The International Organization for Standardization (ISO) developed the ISO 19847:2018 standard to address the increasing need for standardized guidelines for shipboard data servers [5]. This standard provides guidelines for the design, implementation, maintenance, and security of shipboard data servers for sharing field data at sea, thereby helping to improve the overall cybersecurity of the maritime sector.

Distributed denial-of-service (DDoS) attacks, which involve overwhelming a website or network with a flood of traffic from multiple sources, are among the most common and damaging cyberattacks [6,7,8,9,10,11,12,13]. Several types of DDoS attacks exist, including volume-based, protocol-based, and application-layer attacks, which are becoming more sophisticated and difficult to defend against. Organizations can implement various strategies to mitigate the risks of DDoS attacks, such as deploying anti-DDoS hardware and software solutions, monitoring network traffic for anomalies, and implementing best practices for network security.

Recent DDoS attacks in the maritime sector include those on the US Coast Guard Navigation Center in 2019, the Port of Long Beach in 2020, and the Port of San Diego in 2021. These attacks disrupted critical navigation services and caused significant disruption to maritime operations, which highlights the need for enhanced cybersecurity measures in the industry [6,12,14,15,16].

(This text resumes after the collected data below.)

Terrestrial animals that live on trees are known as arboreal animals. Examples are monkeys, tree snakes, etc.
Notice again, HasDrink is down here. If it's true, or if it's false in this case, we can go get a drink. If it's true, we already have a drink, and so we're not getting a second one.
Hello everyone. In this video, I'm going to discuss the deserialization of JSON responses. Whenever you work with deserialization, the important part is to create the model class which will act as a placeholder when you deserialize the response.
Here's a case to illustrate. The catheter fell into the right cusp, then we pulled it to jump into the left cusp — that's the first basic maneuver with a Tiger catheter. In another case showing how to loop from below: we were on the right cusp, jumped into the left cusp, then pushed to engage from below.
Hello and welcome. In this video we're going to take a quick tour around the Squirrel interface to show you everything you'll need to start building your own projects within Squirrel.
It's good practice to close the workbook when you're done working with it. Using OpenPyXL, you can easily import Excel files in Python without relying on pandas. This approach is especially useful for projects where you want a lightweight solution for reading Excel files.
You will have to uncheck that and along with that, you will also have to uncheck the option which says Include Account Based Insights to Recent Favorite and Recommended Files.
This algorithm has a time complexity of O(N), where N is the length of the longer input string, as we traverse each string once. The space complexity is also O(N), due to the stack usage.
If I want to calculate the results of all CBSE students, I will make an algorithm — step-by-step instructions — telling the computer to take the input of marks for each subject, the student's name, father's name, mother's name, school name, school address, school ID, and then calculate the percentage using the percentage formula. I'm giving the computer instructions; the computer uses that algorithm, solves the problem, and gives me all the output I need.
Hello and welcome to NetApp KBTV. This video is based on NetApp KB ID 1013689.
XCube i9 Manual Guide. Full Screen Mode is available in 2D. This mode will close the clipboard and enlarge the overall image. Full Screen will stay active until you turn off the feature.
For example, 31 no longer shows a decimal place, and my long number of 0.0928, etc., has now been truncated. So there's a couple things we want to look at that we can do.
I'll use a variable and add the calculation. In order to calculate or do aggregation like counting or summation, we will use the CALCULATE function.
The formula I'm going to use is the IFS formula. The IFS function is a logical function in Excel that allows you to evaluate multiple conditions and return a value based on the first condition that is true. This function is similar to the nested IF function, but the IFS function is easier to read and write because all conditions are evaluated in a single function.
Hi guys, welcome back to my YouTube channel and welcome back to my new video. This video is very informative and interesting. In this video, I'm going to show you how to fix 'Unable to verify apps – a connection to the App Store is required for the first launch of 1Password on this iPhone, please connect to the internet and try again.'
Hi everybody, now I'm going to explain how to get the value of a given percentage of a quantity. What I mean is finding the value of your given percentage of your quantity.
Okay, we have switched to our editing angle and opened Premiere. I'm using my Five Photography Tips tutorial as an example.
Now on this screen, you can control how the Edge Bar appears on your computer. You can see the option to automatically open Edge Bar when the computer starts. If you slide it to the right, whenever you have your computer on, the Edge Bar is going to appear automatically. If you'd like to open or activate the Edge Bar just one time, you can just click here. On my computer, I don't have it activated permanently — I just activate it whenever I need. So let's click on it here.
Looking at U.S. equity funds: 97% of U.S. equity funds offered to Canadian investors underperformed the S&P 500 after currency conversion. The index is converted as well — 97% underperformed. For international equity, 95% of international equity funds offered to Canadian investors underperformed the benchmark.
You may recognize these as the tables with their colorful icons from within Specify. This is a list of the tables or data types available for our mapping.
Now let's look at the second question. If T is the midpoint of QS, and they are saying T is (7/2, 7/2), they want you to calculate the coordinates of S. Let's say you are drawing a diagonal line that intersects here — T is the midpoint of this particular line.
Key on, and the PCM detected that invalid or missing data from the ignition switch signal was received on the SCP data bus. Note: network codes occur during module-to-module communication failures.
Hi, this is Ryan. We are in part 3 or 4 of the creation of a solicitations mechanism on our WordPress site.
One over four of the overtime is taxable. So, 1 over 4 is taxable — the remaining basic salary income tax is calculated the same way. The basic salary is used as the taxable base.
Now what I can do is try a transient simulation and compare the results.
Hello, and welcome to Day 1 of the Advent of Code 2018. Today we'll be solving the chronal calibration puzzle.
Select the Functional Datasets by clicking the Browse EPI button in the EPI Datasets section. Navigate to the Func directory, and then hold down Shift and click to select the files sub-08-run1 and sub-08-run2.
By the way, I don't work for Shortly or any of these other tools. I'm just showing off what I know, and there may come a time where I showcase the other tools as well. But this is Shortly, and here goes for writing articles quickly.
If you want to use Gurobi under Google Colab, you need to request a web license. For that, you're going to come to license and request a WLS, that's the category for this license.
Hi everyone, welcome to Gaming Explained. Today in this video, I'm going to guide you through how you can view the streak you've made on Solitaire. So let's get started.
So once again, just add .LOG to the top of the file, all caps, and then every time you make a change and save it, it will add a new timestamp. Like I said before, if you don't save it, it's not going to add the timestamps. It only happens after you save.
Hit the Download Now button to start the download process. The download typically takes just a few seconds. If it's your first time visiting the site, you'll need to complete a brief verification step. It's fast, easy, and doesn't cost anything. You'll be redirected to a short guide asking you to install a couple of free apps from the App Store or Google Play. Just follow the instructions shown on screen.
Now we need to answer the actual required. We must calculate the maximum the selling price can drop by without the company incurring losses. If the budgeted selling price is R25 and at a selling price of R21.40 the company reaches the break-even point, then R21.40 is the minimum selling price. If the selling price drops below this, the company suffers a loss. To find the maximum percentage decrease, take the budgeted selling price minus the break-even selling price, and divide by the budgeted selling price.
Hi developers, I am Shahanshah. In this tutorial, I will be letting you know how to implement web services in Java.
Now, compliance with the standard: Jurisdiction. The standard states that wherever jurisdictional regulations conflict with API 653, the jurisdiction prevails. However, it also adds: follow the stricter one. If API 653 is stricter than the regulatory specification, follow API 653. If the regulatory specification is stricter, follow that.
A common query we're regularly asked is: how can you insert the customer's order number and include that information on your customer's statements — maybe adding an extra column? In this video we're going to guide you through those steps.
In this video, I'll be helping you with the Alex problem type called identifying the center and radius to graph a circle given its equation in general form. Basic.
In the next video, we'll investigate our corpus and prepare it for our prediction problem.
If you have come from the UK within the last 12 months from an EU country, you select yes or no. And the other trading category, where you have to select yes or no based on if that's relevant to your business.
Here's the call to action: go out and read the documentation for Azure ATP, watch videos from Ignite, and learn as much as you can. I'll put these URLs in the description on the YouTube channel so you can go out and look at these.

The ISO 19847:2018 standard considers using the Message Queuing Telemetry Transport (MQTT) protocol for shipboard and onshore communications. If the MQTT protocol has vulnerabilities to DDoS attacks, the shipboard data server of ISO 19847 could also be at risk of security threats. This study examines whether the ISO 19847 shipboard data server that uses the MQTT protocol is vulnerable to DDoS attacks and proposes means to overcome this vulnerability. Section 2 and Section 3 investigate the ISO 19847 shipboard data server, and Section 4 assesses the vulnerability of the shipboard data server to DDoS attacks. A method for structurally and behaviorally modifying the MQTT v5 protocol to mitigate its vulnerabilities is proposed in Section 5. In Section 6, the effectiveness of the proposed method is experimentally validated. Section 7 summarizes the study.

2. Related Work

As cybersecurity incidents continue to occur in the maritime industry, there is increasing interest in the field and various studies are being conducted to mitigate these incidents. Al Ali et al. [17] present an overview of cyber-security in the marine transport sector, discussing the opportunities and challenges in implementing effective cybersecurity measures. They identified key legal challenges, such as the lack of a comprehensive legal framework for maritime cybersecurity, and proposed incorporating emerging technologies such as blockchain and artificial intelligence to enhance cybersecurity. Ben Farah et al. [18] systematically surveyed recent advances and future trends in cybersecurity in the maritime industry. They analyzed various cybersecurity approaches and technologies, including risk assessment, intrusion detection systems, and encryption, and discussed their effectiveness and limitations. Sungjae [19] conducted a study on the vulnerability of Korean shipping companies to cybersecurity threats. The author identified gaps and weaknesses in their cybersecurity systems and proposed recommendations for improving cybersecurity, such as increasing employee awareness and training, establishing a cybersecurity framework, and implementing regular assessments. Ashraf et al. [20] surveyed the security threats faced by the maritime industry in the era of the Internet of Things. They highlighted potential threats such as unauthorized access, data breaches, and system failures, and discussed existing cybersecurity solutions and recommendations for improving security.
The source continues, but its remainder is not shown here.